Charles le Beau (18 October 1701, Paris – 13 March 1778, Paris) was a French historical writer.

He was born in Paris, and was educated at the Collège de Sainte-Barbe and the Collège du Plessis; at the latter he remained as a teacher until he obtained the chair of rhetoric in the Collège des Grassins. In 1748 he was admitted as a member of the Academy of Inscriptions, and in 1752 he was nominated professor of Latin eloquence at the Collège de France. From 1755 onward, he held the office of perpetual secretary to the Academy of Inscriptions, in which capacity he edited fifteen volumes (from the 25th to the 39th inclusive) of the Histoire of that institution.

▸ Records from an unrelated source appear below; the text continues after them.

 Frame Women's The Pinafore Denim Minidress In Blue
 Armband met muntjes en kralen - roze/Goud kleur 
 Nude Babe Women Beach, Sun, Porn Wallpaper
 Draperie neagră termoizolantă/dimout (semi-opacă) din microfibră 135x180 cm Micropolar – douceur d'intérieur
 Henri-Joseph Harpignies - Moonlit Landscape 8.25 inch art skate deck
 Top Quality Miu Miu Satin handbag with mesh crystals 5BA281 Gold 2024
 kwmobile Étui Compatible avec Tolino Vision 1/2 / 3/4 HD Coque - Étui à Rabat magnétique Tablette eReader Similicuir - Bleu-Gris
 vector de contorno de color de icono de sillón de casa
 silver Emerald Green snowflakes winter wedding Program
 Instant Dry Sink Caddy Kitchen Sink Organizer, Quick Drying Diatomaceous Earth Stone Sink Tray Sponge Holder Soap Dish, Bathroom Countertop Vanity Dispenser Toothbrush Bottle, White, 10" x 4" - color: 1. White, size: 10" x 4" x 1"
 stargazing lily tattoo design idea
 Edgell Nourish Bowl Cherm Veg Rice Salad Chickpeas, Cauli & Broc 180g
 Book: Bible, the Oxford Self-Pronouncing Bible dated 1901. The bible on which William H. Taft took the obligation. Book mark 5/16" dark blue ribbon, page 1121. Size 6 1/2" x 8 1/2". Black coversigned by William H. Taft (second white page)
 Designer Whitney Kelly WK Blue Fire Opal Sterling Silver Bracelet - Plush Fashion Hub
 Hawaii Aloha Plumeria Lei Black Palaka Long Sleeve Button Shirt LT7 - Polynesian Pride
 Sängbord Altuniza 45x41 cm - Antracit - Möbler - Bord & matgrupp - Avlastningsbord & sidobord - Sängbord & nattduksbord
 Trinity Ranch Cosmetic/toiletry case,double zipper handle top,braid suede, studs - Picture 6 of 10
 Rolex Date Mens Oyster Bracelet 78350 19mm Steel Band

He is best remembered as the author of Histoire du Bas-Empire, en commençant à Constantin le Grand, in 22 volumes (Paris, 1756–1779). This is a continuation of Charles Rollin's Histoire Romaine and JBL Crevier's Histoire des empereurs. Its usefulness arises entirely from the fact of its being a faithful resume of the Byzantine historians. Five volumes were added by H.-P. Ameilhon (1781–1811), which brought the work down to the fall of Constantinople. A later edition was produced by Antoine-Jean Saint-Martin and afterwards of Marie-Félicité Brosset.

== List of works ==
- Histoire de l'Académie royale des inscriptions et belles-lettres, avec les mémoires de littérature, Tome XXV à XXXIX, 1759-1777.
- Histoire du Bas-Empire en commençant à Constantin le Grand, 27 volumes, 1757-1811 (five volumes being added by Hubert-Pascal Ameilhon).
- Opera latina : Carmina, Fabulae et narrationes, Orationes et oratiunculae, 3 volumes, 1782-1783.
- Parallèle curieux des fables en vers latins de M. Lebeau avec La Fontaine, et tous les poètes latins qui ont traité les mêmes fables, 1785 (with Jean de La Fontaine).